There are bottles you buy to drink, and there are bottles you buy because they represent something. Friar John Cor Quincentenary Blended Scotch Whisky sits firmly in the latter camp — though it drinks well enough to justify the price tag on its own merits. At £350 and bottled at 43%, this is a commemorative release that nods to the earliest recorded mention of Scotch whisky production, attributed to Friar John Cor in 1494. That's not marketing fluff; it's literally the oldest paper trail we have for this industry.
For those unfamiliar with the reference, a 1494 entry in the Exchequer Rolls of Scotland records King James IV commissioning Friar John Cor to produce aqua vitae from eight bolls of malt — enough to make roughly 1,500 bottles by modern estimates. Naming a blend after the man is a statement of intent: this whisky positions itself as a celebration of Scotch whisky's origin story, and it carries itself with the weight you'd expect from that ambition.

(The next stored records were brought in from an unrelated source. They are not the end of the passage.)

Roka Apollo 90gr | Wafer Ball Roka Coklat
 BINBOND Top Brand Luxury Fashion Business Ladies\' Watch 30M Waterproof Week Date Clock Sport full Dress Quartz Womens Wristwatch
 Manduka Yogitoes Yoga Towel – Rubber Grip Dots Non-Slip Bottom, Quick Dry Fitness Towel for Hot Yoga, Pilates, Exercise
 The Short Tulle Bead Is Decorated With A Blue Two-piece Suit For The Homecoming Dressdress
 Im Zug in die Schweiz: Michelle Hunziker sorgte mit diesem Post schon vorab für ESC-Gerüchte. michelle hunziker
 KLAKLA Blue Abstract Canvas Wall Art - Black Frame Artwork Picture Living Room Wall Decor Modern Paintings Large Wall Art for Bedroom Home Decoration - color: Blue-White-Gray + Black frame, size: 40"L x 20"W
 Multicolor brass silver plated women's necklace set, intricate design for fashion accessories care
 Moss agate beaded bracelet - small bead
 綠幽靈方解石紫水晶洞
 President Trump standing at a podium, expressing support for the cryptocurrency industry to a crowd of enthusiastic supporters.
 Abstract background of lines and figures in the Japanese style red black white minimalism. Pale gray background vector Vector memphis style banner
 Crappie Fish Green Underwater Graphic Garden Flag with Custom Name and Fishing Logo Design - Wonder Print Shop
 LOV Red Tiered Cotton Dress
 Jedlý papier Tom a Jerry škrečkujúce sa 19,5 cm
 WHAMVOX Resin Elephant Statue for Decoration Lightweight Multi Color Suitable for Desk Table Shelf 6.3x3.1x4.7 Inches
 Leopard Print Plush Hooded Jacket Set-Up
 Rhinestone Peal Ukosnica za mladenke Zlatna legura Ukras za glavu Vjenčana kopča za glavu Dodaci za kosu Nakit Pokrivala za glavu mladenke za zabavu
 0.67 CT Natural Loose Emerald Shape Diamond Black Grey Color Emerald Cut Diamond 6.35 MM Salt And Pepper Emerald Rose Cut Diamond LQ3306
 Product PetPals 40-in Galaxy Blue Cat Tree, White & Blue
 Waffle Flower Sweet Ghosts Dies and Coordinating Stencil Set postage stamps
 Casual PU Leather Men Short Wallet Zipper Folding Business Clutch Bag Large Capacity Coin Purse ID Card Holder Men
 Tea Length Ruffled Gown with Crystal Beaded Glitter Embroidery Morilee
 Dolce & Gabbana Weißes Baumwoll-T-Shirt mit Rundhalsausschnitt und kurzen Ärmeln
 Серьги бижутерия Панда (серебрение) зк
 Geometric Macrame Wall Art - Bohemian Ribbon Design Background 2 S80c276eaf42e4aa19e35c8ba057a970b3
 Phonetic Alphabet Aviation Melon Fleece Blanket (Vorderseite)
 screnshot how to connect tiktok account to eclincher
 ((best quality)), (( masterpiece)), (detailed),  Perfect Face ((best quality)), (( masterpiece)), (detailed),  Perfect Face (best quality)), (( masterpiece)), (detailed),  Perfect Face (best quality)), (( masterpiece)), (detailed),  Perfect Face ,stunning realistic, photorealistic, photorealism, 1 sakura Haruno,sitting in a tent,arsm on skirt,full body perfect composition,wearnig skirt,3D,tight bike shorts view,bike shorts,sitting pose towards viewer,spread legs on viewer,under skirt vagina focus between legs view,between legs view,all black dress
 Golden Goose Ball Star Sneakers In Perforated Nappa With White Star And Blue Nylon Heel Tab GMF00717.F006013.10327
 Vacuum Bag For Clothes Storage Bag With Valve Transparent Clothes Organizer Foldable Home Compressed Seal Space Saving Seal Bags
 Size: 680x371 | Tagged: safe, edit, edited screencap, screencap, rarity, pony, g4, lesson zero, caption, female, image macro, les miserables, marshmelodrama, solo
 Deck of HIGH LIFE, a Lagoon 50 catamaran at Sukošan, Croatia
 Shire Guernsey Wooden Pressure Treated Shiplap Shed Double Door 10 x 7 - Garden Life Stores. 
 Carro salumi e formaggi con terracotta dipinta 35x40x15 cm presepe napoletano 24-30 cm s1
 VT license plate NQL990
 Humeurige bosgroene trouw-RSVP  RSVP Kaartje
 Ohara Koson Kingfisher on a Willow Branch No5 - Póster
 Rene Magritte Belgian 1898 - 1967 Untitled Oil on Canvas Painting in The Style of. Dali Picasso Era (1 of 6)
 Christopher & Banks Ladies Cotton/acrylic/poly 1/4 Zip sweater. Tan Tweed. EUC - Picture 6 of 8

As a blended Scotch at 43% ABV, it sits above the standard 40% minimum, which suggests the blender wanted a touch more body and presence without venturing into cask-strength territory. That's a sensible choice for a whisky that's meant to be accessible while still feeling substantial. The NAS designation means the age of the components isn't disclosed, but at this price point, you'd expect a meaningful proportion of well-aged malt and grain in the vatting. The blend has been constructed to impress, not simply to fill a bottle with a fancy label.
Tasting Notes
I won't fabricate specifics where the liquid should speak for itself. What I will say is that the style here — blended Scotch at a slightly elevated strength — typically delivers a rounder, more integrated drinking experience than a single malt at the same ABV. Expect the grain component to provide sweetness and smoothness, while the malt brings depth and complexity. At 43%, there's enough alcohol to carry flavour without heat dominating the finish. This is a blend built for contemplation rather than casual mixing.
The Verdict
Is £350 a lot for a blended Scotch? In absolute terms, yes. But this isn't competing with your weekly dram. It's competing with commemorative single malts, limited releases, and collector-oriented bottlings — and in that company, the price is reasonable. The historical significance of the Friar John Cor name gives the bottle genuine provenance, not the manufactured kind you see from brands invented last Tuesday. The 43% ABV shows restraint and confidence from whoever blended it. They weren't trying to shout; they were trying to get it right.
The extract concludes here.